*** Block opens ***

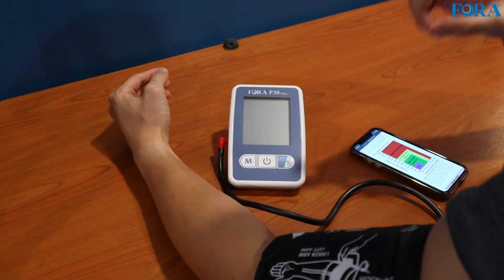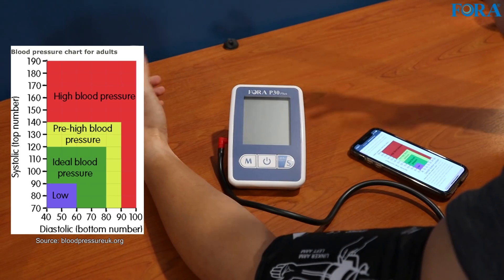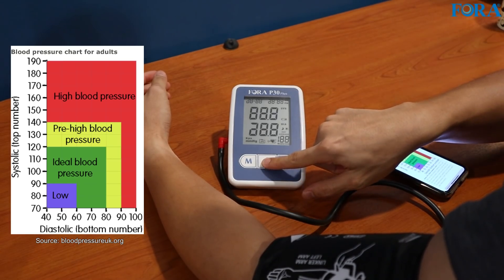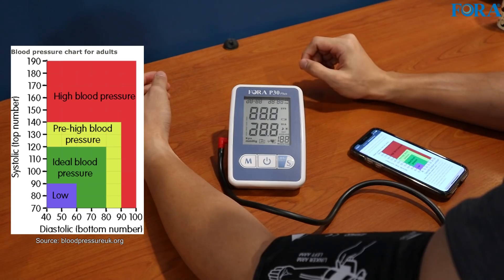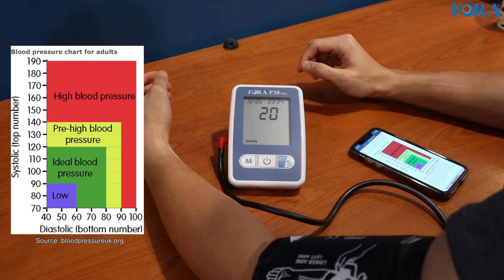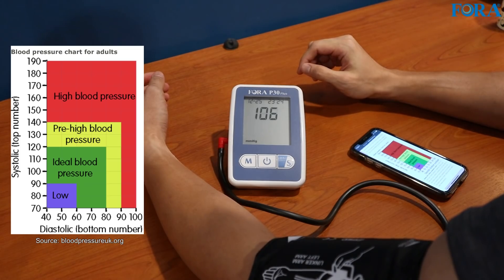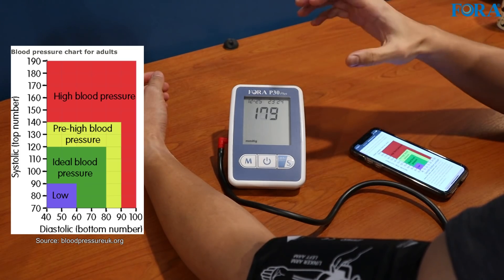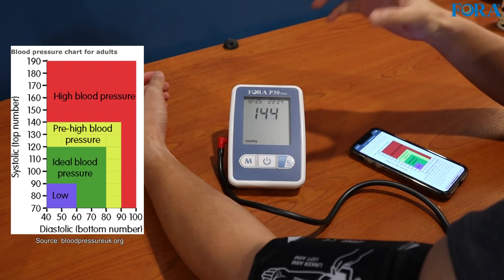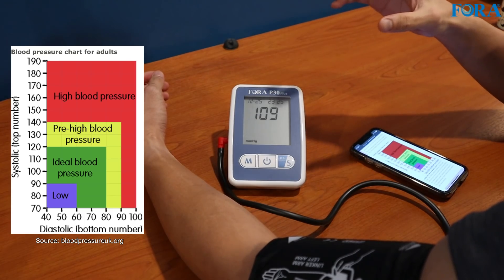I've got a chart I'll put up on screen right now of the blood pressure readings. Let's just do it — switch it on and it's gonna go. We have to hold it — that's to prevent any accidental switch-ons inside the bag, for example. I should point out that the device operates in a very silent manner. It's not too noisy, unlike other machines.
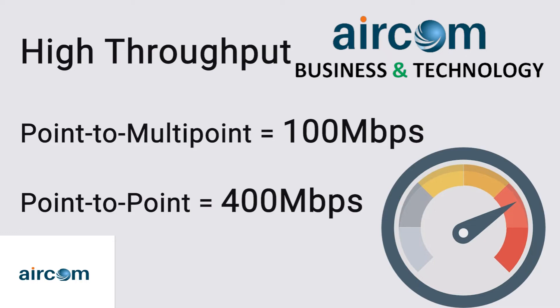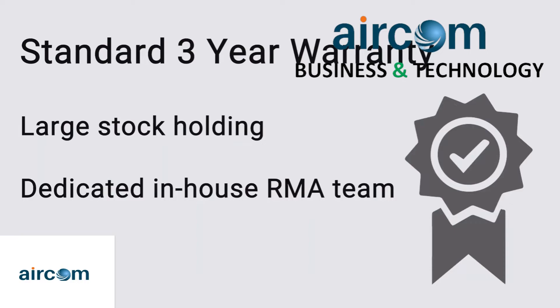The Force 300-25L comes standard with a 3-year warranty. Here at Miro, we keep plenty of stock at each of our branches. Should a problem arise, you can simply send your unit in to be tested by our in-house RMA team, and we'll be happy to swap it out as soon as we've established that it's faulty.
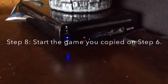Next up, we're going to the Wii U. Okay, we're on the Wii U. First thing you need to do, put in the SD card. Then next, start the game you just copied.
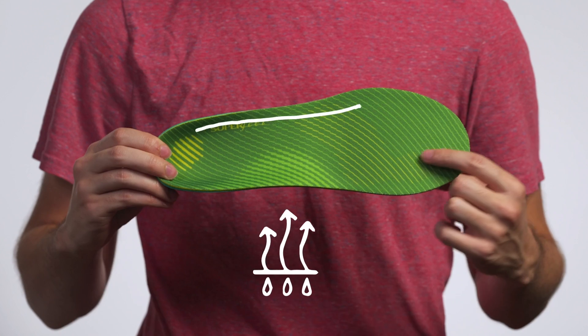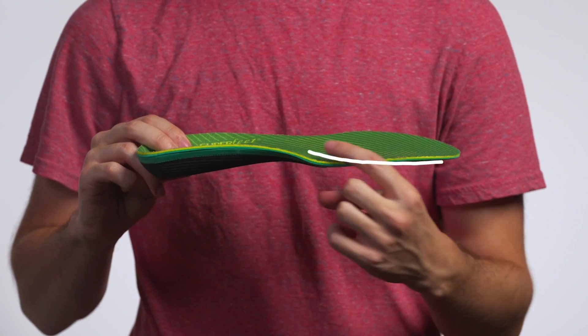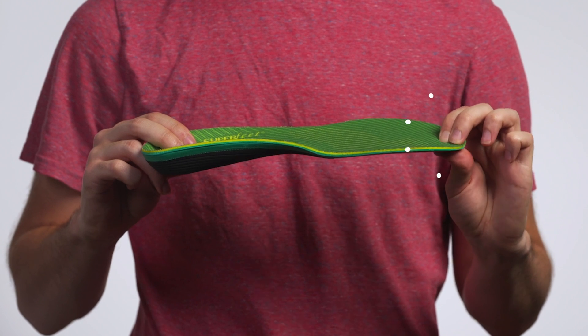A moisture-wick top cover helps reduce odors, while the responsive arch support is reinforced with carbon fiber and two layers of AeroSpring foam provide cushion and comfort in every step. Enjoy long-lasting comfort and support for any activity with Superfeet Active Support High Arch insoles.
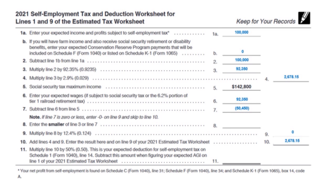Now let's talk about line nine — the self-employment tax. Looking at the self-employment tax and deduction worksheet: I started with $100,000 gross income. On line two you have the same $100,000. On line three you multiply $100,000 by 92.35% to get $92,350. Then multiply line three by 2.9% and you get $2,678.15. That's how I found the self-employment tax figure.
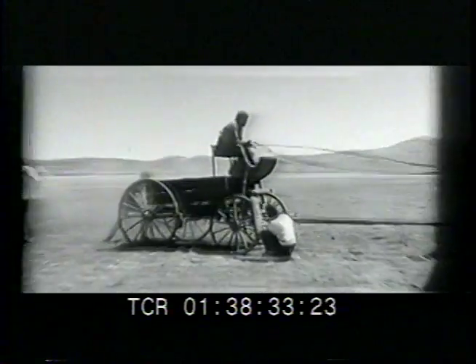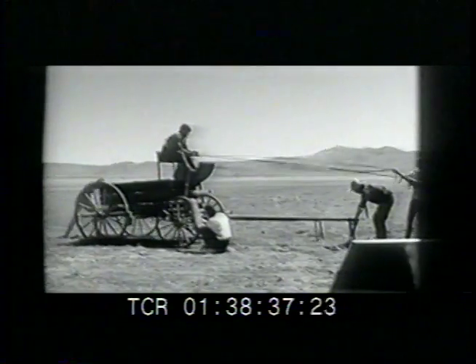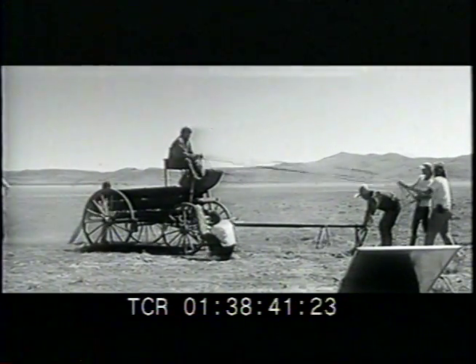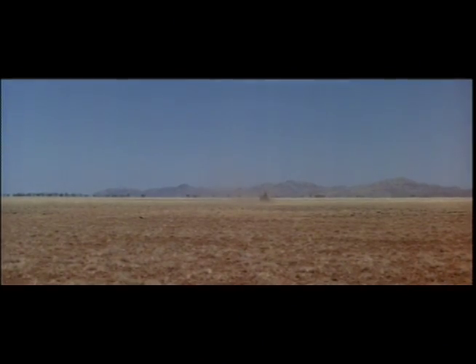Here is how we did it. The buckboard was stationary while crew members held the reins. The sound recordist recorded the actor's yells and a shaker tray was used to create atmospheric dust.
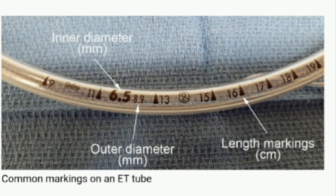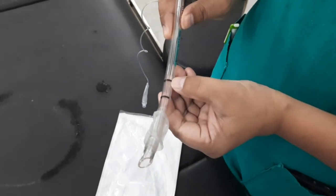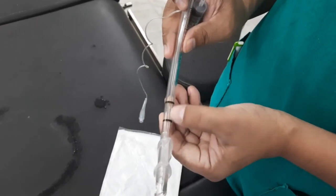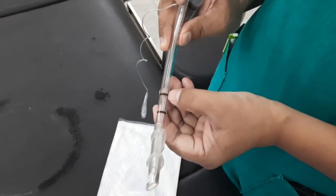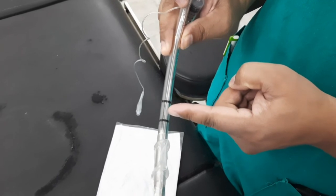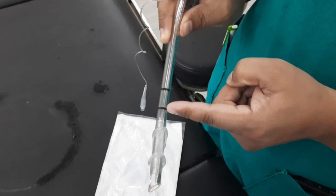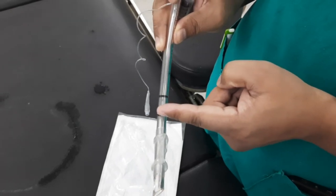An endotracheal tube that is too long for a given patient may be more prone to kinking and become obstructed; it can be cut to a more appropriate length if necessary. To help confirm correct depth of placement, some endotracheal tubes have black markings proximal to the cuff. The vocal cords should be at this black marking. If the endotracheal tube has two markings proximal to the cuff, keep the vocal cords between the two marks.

*** Block closes ***
*** Block opens ***

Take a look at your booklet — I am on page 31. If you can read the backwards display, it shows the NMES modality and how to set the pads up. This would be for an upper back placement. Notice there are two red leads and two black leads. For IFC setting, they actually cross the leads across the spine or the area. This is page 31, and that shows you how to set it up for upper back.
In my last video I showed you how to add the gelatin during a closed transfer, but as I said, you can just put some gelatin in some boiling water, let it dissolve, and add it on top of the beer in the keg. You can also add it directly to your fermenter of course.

*** Block closes ***

# Your objective
Take the lines above starting at the one containing "I've got a chart" and ending at the one containing "A moisture-wick top", and print them again exactly, without pictures.

# Task solution
I've got a chart I'll put up on screen right now of the blood pressure readings. Let's just do it — switch it on and it's gonna go. We have to hold it — that's to prevent any accidental switch-ons inside the bag, for example. I should point out that the device operates in a very silent manner. It's not too noisy, unlike other machines.
The Force 300-25L comes standard with a 3-year warranty. Here at Miro, we keep plenty of stock at each of our branches. Should a problem arise, you can simply send your unit in to be tested by our in-house RMA team, and we'll be happy to swap it out as soon as we've established that it's faulty.
Next up, we're going to the Wii U. Okay, we're on the Wii U. First thing you need to do, put in the SD card. Then next, start the game you just copied.
A moisture-wick top cover helps reduce odors, while the responsive arch support is reinforced with carbon fiber and two layers of AeroSpring foam provide cushion and comfort in every step. Enjoy long-lasting comfort and support for any activity with Superfeet Active Support High Arch insoles.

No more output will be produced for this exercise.